====== RECORDS

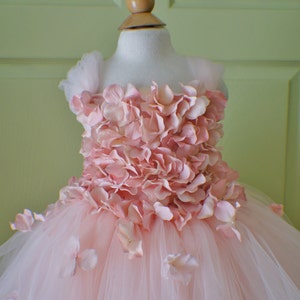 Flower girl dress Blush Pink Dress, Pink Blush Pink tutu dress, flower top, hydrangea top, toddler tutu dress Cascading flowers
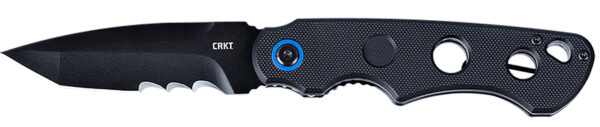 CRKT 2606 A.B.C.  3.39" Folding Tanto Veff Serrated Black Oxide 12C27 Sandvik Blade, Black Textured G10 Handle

============
====== RECORDS

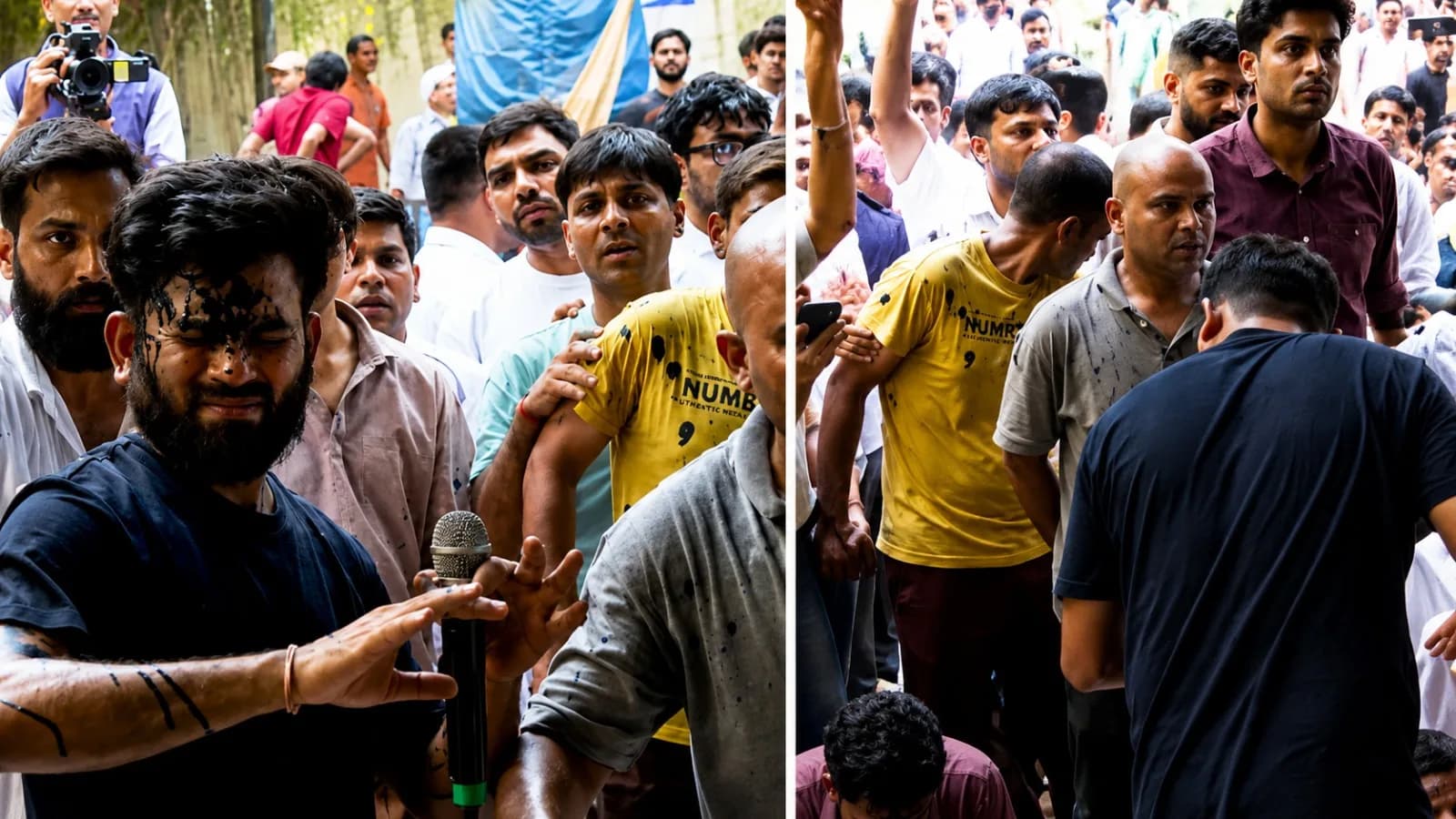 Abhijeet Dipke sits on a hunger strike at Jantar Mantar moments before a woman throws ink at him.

============

▶ [ASSIGNED TASK]: Go back to the lines above and output, exactly as they stand, the ones from the line containing "Flower girl dress" to the line containing "CRKT 2606 A.B.C.". Leave all pictures behind.

▶ [WRITTEN RESPONSE]:
 Flower girl dress Blush Pink Dress, Pink Blush Pink tutu dress, flower top, hydrangea top, toddler tutu dress Cascading flowers
 CRKT 2606 A.B.C.  3.39" Folding Tanto Veff Serrated Black Oxide 12C27 Sandvik Blade, Black Textured G10 Handle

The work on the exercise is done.